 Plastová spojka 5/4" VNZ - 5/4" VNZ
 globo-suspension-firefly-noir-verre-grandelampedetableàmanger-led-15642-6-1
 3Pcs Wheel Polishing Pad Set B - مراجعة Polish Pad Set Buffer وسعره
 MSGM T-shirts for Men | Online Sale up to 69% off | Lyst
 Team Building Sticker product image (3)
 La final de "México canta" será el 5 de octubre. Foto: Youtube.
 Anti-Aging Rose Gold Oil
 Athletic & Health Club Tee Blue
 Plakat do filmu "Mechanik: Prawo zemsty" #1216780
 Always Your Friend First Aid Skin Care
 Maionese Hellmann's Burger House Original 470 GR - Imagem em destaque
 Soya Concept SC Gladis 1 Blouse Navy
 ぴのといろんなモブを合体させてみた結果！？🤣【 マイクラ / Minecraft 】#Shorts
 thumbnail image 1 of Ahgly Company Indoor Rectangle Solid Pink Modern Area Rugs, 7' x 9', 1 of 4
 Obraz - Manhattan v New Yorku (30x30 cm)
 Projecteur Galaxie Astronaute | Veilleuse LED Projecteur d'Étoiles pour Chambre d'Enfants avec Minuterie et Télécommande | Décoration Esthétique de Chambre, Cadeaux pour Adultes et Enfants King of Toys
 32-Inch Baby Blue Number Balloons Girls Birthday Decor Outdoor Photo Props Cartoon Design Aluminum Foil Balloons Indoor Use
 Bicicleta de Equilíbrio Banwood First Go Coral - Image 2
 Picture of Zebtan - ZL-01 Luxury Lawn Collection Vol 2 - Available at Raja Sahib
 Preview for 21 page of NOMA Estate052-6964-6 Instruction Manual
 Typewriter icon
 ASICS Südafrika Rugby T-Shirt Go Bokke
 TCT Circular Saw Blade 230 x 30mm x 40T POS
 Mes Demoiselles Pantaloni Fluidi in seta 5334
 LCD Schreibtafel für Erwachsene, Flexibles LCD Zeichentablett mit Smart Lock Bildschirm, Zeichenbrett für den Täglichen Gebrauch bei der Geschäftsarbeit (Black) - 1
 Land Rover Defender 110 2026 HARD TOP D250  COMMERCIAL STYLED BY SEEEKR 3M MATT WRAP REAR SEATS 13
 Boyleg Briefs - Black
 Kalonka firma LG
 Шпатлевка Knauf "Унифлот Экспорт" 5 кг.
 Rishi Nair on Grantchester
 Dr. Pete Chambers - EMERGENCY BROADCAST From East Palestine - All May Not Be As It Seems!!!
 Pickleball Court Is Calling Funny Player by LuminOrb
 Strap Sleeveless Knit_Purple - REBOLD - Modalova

--- --- ---

▶ _Your goal_: Exactly reproduce the entries in their entirety.

▶ _Output below_:
 Plastová spojka 5/4" VNZ - 5/4" VNZ
 globo-suspension-firefly-noir-verre-grandelampedetableàmanger-led-15642-6-1
 3Pcs Wheel Polishing Pad Set B - مراجعة Polish Pad Set Buffer وسعره
 MSGM T-shirts for Men | Online Sale up to 69% off | Lyst
 Team Building Sticker product image (3)
 La final de "México canta" será el 5 de octubre. Foto: Youtube.
 Anti-Aging Rose Gold Oil
 Athletic & Health Club Tee Blue
 Plakat do filmu "Mechanik: Prawo zemsty" #1216780
 Always Your Friend First Aid Skin Care
 Maionese Hellmann's Burger House Original 470 GR - Imagem em destaque
 Soya Concept SC Gladis 1 Blouse Navy
 ぴのといろんなモブを合体させてみた結果！？🤣【 マイクラ / Minecraft 】#Shorts
 thumbnail image 1 of Ahgly Company Indoor Rectangle Solid Pink Modern Area Rugs, 7' x 9', 1 of 4
 Obraz - Manhattan v New Yorku (30x30 cm)
 Projecteur Galaxie Astronaute | Veilleuse LED Projecteur d'Étoiles pour Chambre d'Enfants avec Minuterie et Télécommande | Décoration Esthétique de Chambre, Cadeaux pour Adultes et Enfants King of Toys
 32-Inch Baby Blue Number Balloons Girls Birthday Decor Outdoor Photo Props Cartoon Design Aluminum Foil Balloons Indoor Use
 Bicicleta de Equilíbrio Banwood First Go Coral - Image 2
 Picture of Zebtan - ZL-01 Luxury Lawn Collection Vol 2 - Available at Raja Sahib
 Preview for 21 page of NOMA Estate052-6964-6 Instruction Manual
 Typewriter icon
 ASICS Südafrika Rugby T-Shirt Go Bokke
 TCT Circular Saw Blade 230 x 30mm x 40T POS
 Mes Demoiselles Pantaloni Fluidi in seta 5334
 LCD Schreibtafel für Erwachsene, Flexibles LCD Zeichentablett mit Smart Lock Bildschirm, Zeichenbrett für den Täglichen Gebrauch bei der Geschäftsarbeit (Black) - 1
 Land Rover Defender 110 2026 HARD TOP D250  COMMERCIAL STYLED BY SEEEKR 3M MATT WRAP REAR SEATS 13
 Boyleg Briefs - Black
 Kalonka firma LG
 Шпатлевка Knauf "Унифлот Экспорт" 5 кг.
 Rishi Nair on Grantchester
 Dr. Pete Chambers - EMERGENCY BROADCAST From East Palestine - All May Not Be As It Seems!!!
 Pickleball Court Is Calling Funny Player by LuminOrb
 Strap Sleeveless Knit_Purple - REBOLD - Modalova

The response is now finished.